# WHAT THE TASK REQUIRES
Check every line in the records below for the word "Hotel" and report how many have it, nothing more.

(Extracted records)
----

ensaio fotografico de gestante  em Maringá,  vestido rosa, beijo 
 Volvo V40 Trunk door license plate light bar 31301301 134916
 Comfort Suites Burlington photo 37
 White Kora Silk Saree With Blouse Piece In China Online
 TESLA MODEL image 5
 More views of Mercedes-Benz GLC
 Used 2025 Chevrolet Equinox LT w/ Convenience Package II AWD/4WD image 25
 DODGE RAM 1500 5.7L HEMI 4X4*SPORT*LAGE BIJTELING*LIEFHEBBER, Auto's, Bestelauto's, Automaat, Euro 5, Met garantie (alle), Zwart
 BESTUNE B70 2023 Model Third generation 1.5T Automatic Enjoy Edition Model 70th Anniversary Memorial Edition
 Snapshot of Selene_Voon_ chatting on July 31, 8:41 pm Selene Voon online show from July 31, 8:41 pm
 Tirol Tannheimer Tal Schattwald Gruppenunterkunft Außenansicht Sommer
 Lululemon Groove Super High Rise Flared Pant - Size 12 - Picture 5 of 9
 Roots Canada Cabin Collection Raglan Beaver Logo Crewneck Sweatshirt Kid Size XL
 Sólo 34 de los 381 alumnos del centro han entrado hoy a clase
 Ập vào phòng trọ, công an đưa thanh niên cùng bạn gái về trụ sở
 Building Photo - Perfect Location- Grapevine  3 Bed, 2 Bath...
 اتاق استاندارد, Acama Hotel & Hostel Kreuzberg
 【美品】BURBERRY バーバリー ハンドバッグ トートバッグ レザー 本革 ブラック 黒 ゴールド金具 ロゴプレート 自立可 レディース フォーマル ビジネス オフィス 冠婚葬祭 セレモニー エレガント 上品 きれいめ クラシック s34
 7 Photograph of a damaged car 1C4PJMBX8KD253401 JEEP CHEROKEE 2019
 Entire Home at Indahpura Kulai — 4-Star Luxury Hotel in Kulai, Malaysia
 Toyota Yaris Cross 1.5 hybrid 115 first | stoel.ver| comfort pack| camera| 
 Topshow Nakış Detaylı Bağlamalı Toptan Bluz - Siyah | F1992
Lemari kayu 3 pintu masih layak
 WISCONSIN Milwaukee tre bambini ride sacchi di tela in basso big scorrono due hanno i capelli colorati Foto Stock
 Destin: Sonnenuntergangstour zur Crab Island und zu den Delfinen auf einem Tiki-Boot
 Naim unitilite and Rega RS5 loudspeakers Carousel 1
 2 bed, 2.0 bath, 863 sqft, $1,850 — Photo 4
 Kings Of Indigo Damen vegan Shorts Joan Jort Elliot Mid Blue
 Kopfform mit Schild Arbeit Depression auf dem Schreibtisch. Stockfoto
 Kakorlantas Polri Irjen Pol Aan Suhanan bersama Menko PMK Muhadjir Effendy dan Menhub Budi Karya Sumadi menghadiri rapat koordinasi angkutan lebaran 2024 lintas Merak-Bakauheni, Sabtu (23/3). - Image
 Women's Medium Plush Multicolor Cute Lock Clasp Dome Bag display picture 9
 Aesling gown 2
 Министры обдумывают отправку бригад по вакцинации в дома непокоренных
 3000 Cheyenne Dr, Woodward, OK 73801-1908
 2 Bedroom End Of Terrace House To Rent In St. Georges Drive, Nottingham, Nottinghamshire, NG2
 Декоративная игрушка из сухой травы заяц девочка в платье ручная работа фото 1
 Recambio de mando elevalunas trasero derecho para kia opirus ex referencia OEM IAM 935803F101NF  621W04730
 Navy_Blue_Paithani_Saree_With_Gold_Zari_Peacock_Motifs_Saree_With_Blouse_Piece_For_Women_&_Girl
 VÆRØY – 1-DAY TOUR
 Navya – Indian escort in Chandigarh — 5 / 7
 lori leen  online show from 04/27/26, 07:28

----

# TASK SOLUTION
2